What you are asked to do
Begin with the first line below and retype each line exactly through the line containing "Women's Formal Dress". Any pictures are to be left out.

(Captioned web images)
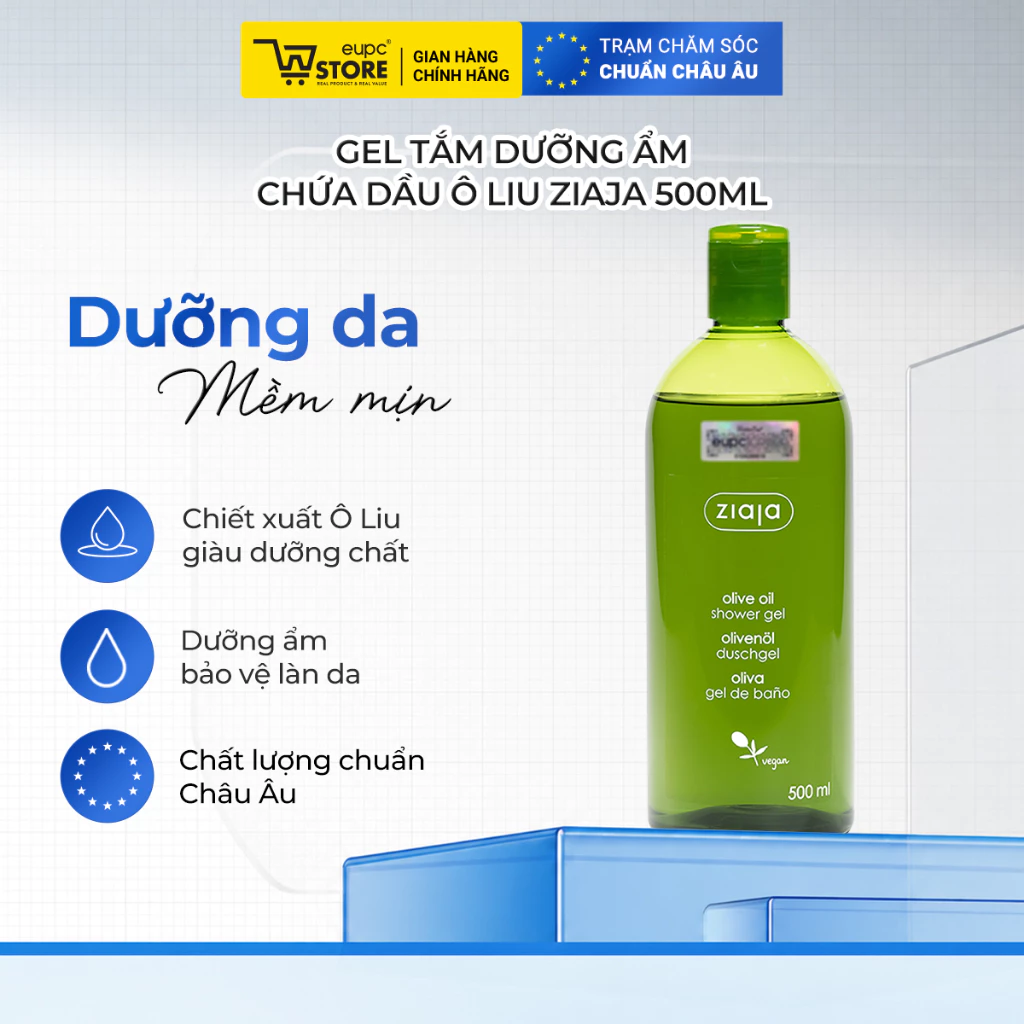 Gel tắm dưỡng ẩm Ziaja Olive Oil Shower Gel 500ml - Làm sạch dịu nhẹ, không gây khô da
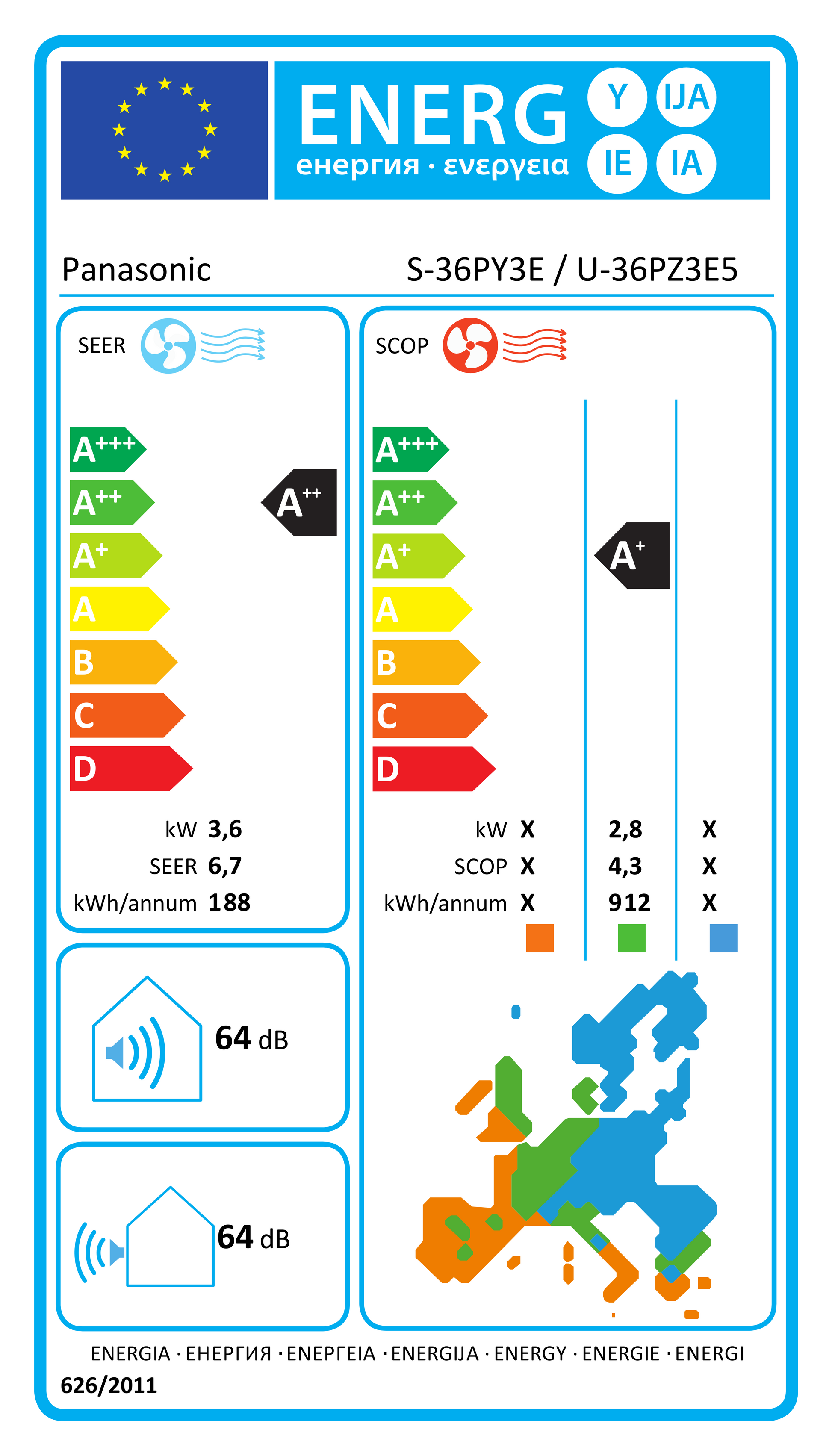 Panasonic luft/luft Split Standard U-36PZ3E5, 3,6 kW, udedel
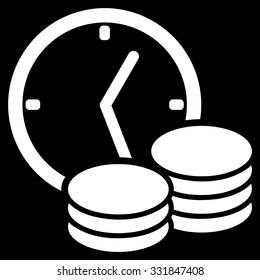 Regular Income vector icon. Style is flat white symbol, rounded angles, black background.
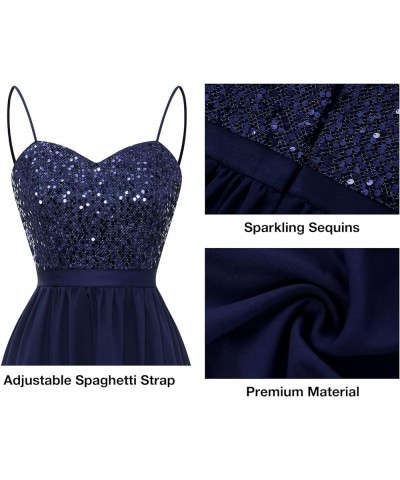 Women's Formal Dress Long Bridesmaid Wedding Guest Dresses Modest Prom Cocktail Party Strap Dress Sequin Navy $27.72 Dresses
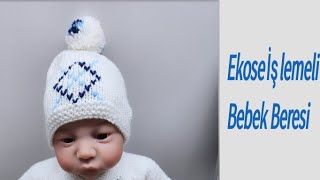 Bebek Beresi Yapımı Ekose İşlemeli -Yeni Doğan Bebek Şapkası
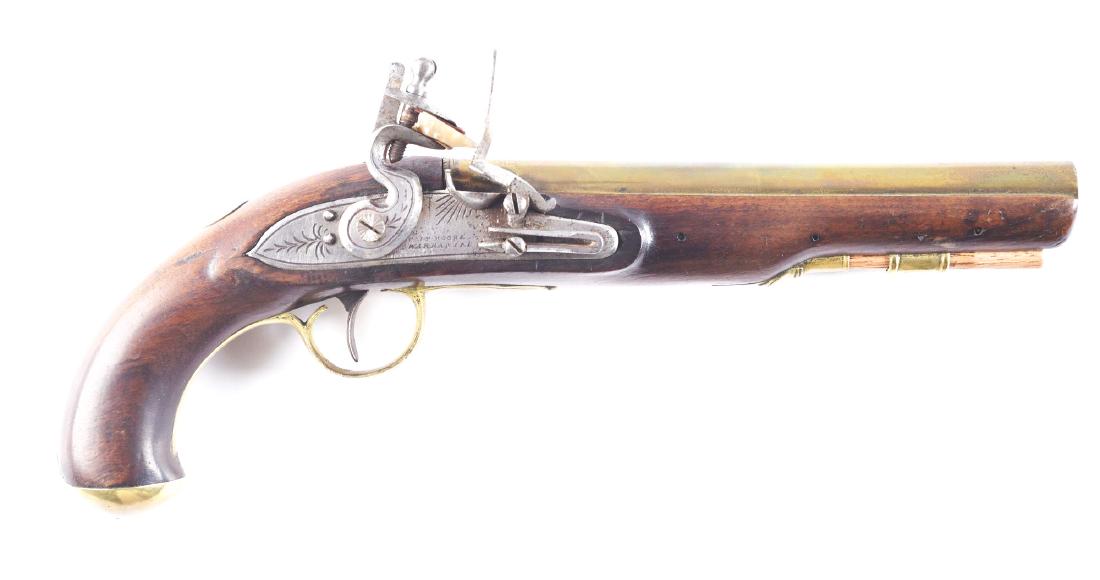 (A) American Flintlock Militia Pistol by J.P. Moore of: According to "Historic Pistols" by Samuel E. Smith and Edwin W. Bitter, John P. Moore operated a gunshop in New York City between 1823 and 1840. Although Moore had no federal or state contracts for ma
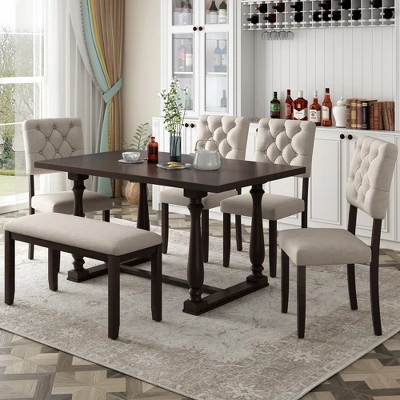 ModernLuxe 6-Piece Dining Table Set with 4 Chairs and Upholstered Bench 14 ModernLuxe 6-Piece Dining Table Set with 4 Chairs and Upholstered Bench - Image 12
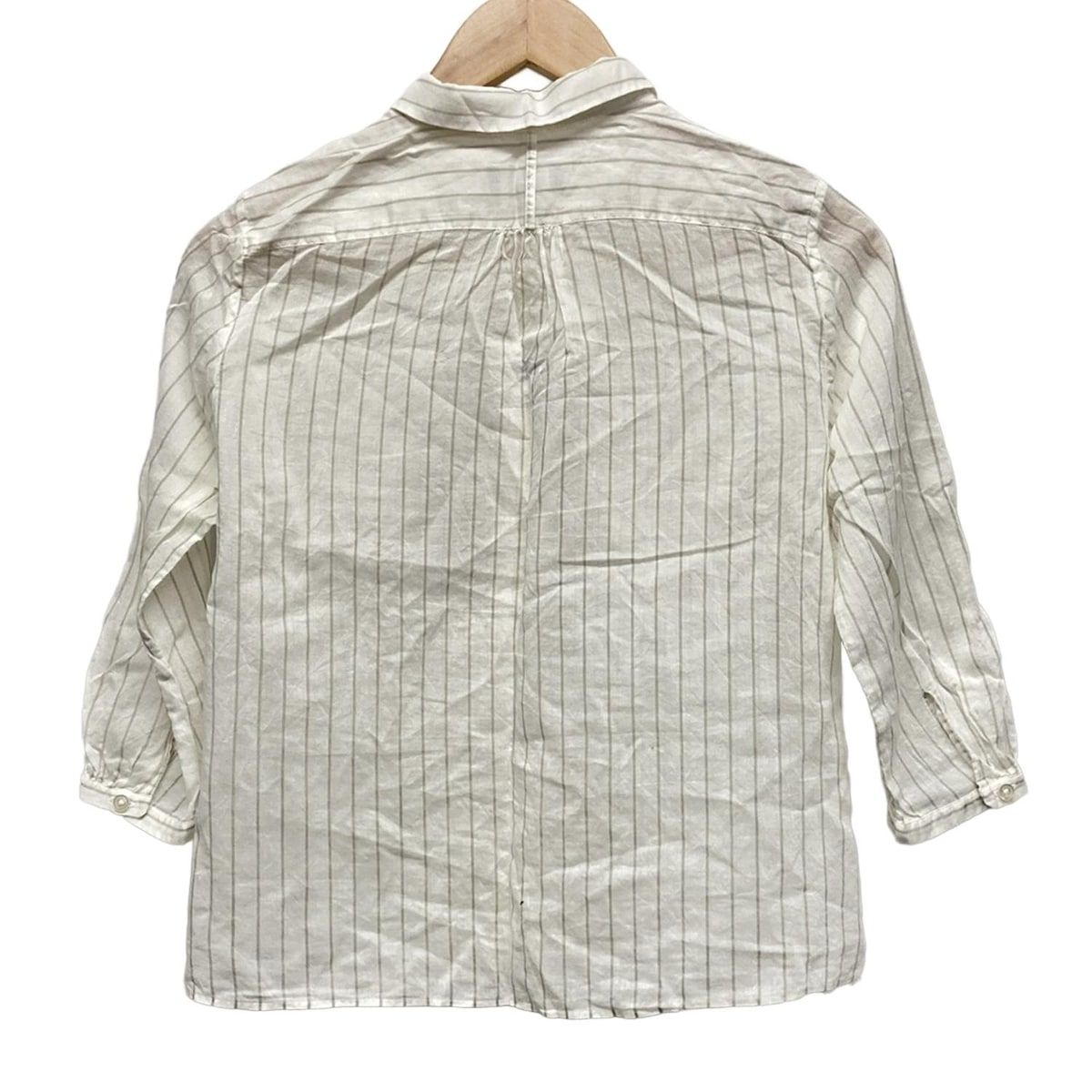 MARGARET HOWELL フリル付きシャツ サイズ1 グレー 美品MARGARET HOWELL フリル付きシャツ サイズI グレー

Response to this exercise
 Gel tắm dưỡng ẩm Ziaja Olive Oil Shower Gel 500ml - Làm sạch dịu nhẹ, không gây khô da
 Panasonic luft/luft Split Standard U-36PZ3E5, 3,6 kW, udedel
 Regular Income vector icon. Style is flat white symbol, rounded angles, black background.
 Women's Formal Dress Long Bridesmaid Wedding Guest Dresses Modest Prom Cocktail Party Strap Dress Sequin Navy $27.72 Dresses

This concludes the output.